Collected data:

+++

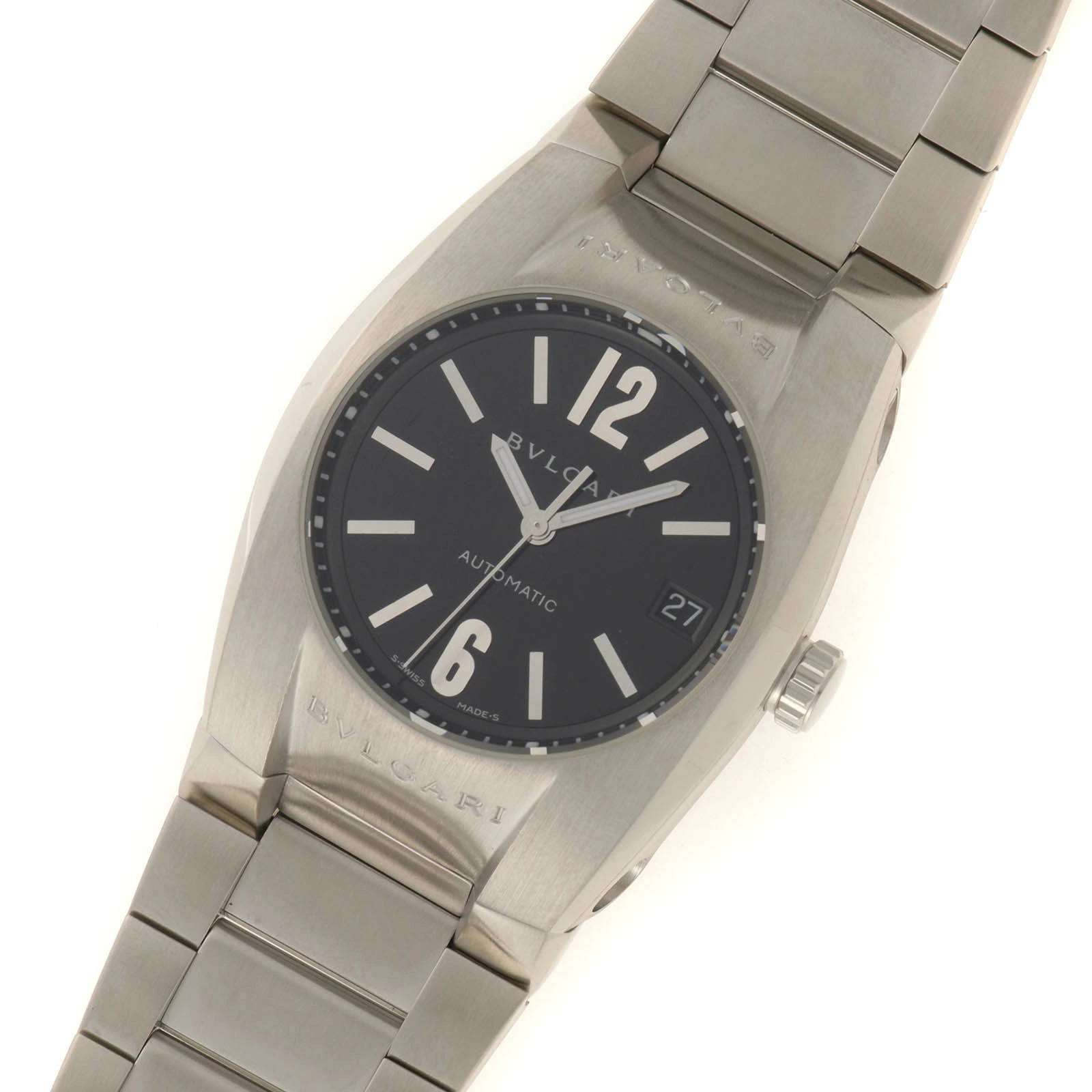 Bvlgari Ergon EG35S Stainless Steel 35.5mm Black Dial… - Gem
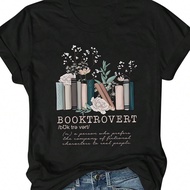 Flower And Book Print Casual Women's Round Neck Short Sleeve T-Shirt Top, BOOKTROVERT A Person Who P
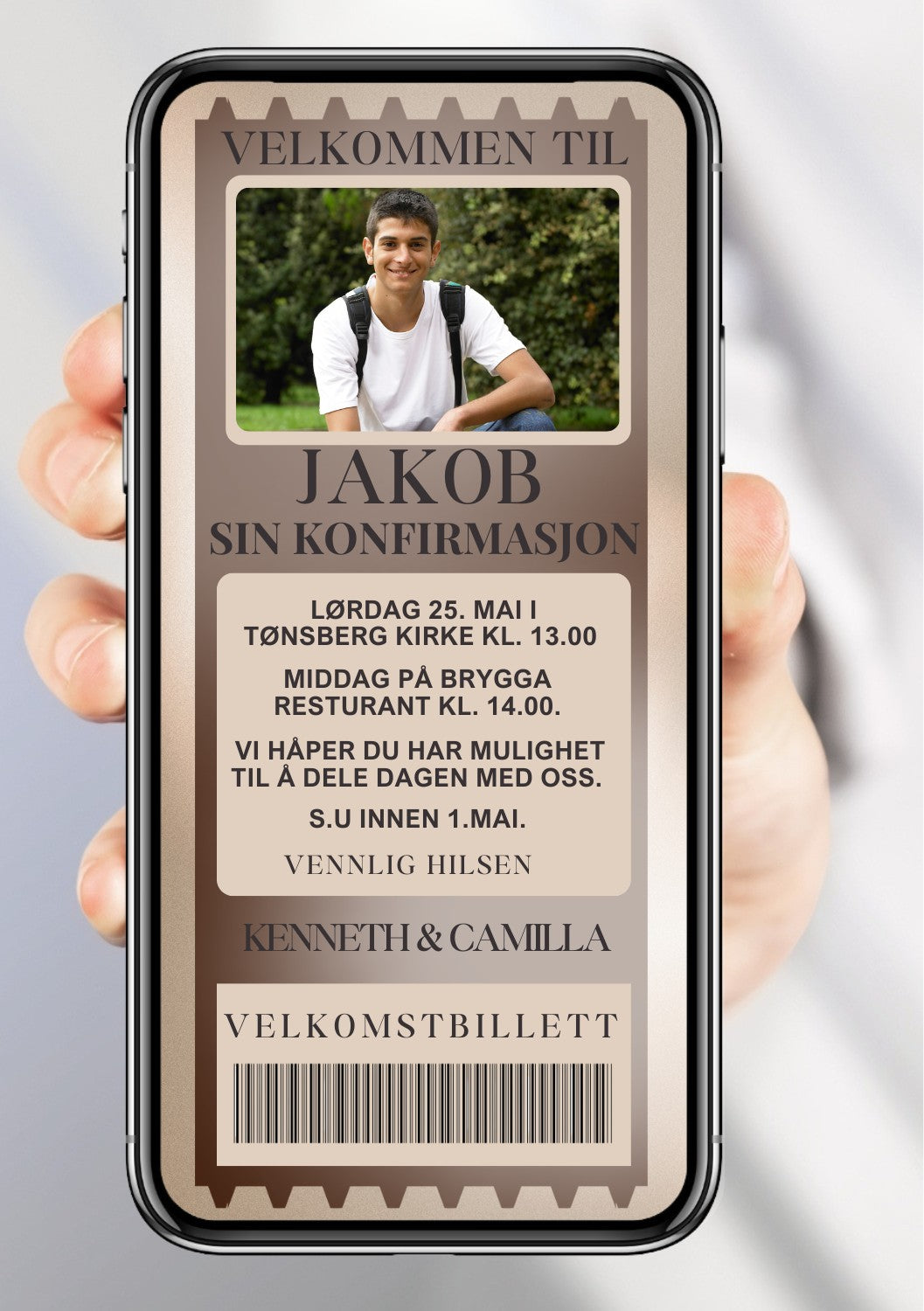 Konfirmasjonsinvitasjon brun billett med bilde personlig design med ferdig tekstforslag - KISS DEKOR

+++

Output the whole listing exactly. Pictures stay out.

Answer space:
 Bvlgari Ergon EG35S Stainless Steel 35.5mm Black Dial… - Gem
 Flower And Book Print Casual Women's Round Neck Short Sleeve T-Shirt Top, BOOKTROVERT A Person Who P
 Konfirmasjonsinvitasjon brun billett med bilde personlig design med ferdig tekstforslag - KISS DEKOR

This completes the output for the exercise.